-------- Collected material --------
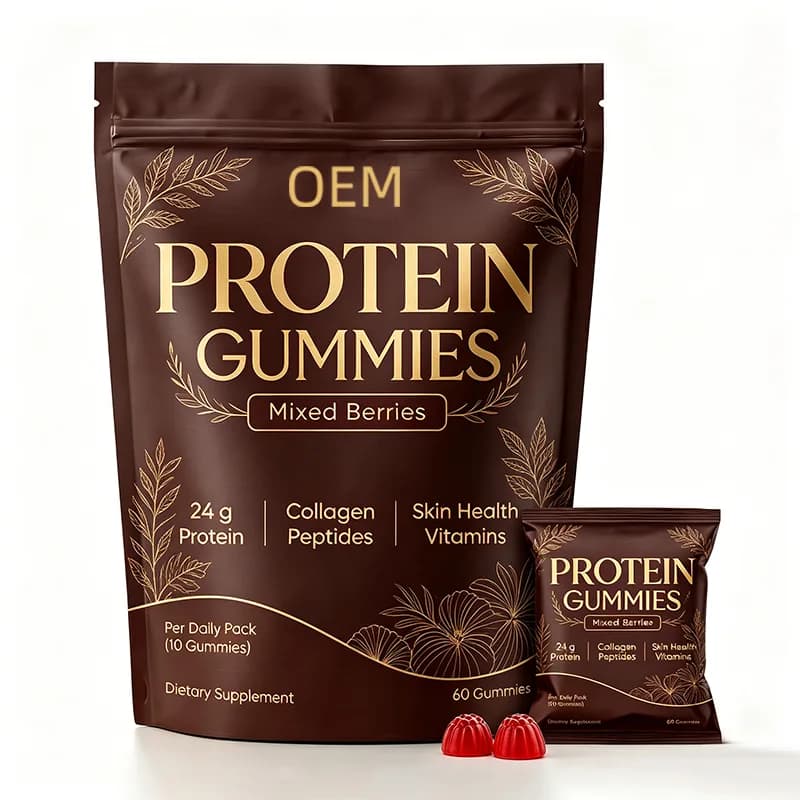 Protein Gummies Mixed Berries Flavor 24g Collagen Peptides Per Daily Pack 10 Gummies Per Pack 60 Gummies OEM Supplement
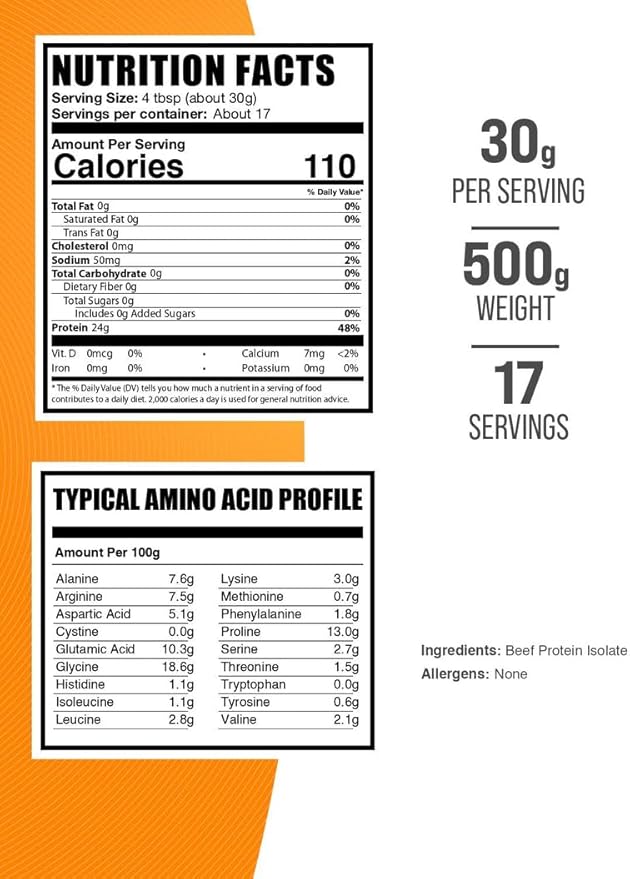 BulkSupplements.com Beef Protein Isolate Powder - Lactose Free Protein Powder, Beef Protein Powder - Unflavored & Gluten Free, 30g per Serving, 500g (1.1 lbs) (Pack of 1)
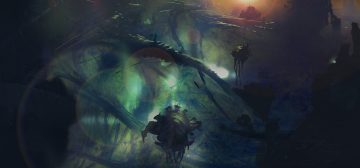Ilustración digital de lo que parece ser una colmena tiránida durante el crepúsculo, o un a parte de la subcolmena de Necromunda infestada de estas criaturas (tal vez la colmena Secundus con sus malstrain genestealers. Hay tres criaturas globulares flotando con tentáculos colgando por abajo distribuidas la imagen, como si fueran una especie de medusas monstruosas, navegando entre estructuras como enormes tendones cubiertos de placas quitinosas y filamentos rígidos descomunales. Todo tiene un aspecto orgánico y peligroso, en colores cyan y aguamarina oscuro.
--------
*What to do:*
Print the data again word for word, pictures excluded.

*Result for this exercise:*
 Protein Gummies Mixed Berries Flavor 24g Collagen Peptides Per Daily Pack 10 Gummies Per Pack 60 Gummies OEM Supplement
 BulkSupplements.com Beef Protein Isolate Powder - Lactose Free Protein Powder, Beef Protein Powder - Unflavored & Gluten Free, 30g per Serving, 500g (1.1 lbs) (Pack of 1)
Ilustración digital de lo que parece ser una colmena tiránida durante el crepúsculo, o un a parte de la subcolmena de Necromunda infestada de estas criaturas (tal vez la colmena Secundus con sus malstrain genestealers. Hay tres criaturas globulares flotando con tentáculos colgando por abajo distribuidas la imagen, como si fueran una especie de medusas monstruosas, navegando entre estructuras como enormes tendones cubiertos de placas quitinosas y filamentos rígidos descomunales. Todo tiene un aspecto orgánico y peligroso, en colores cyan y aguamarina oscuro.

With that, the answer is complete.